The Namibian (Windhoek)

10 June 2008

Namibia: Climate Change a Fallacy - South African Professor

Windhoek — MAN-MADE global warming is not real, a Professor from the University of Pretoria charged in Windhoek last week.

Professor Will Alexander claimed that claims by environmentalists that climate change was real were not true and if the world was warmer now, it was simply caused by natural climatic variability.

This is contrary to recent reports by the UN-funded Intergovernmental Panel on Climate Change and other world scientists that climate change was a reality and people just have to learn to live with it.

Alexander said he was involved in a number of studies to see if changes in the atmosphere were being caused by climate change but there was no evidence of that.
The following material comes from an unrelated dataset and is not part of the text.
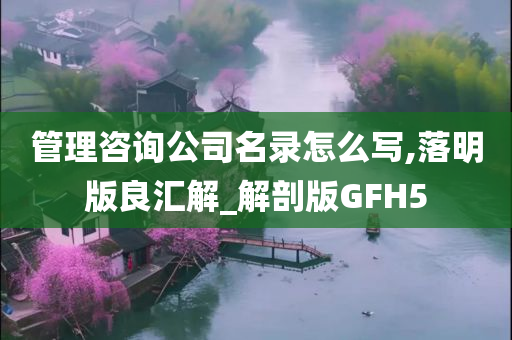 管理咨询公司名录怎么写,落明版良汇解_解剖版GFH5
Alexander was one of the speakers at the national debate on climate change held in Windhoek on Friday.

He said while environmentalists claim that rainfall will decrease because of climate change, rainfall has in fact increased during the last century.

According to him, it was also not true that the frequency of tropical cyclones, droughts and floods will increase.

"There is no evidence on that," said Alexander.

He claimed that disasters such as this year's floods in the North were caused by natural climatic variability and people were affected because they were now living in areas prone to natural disasters, whereas before they lived in higher-lying areas.

But Dr Omu Kakujaha from the University of Namibia said whether climate change or climate variability was real or not, it has a negative impact on Namibia's economy.

He said stress would be exerted on all economic sectors, especially the primary ones such as agriculture and fishing, on which the Namibian economy depends.

About 70 per cent of Namibians depend on agriculture and decreased rainfall will lead to decreased production.

Last week, Environment and Tourism Deputy Minister Leon Jooste said Namibia was vulnerable to the effects of climate change due to factors such as over-dependence on rain-fed agriculture, widespread poverty, recurrent droughts and floods.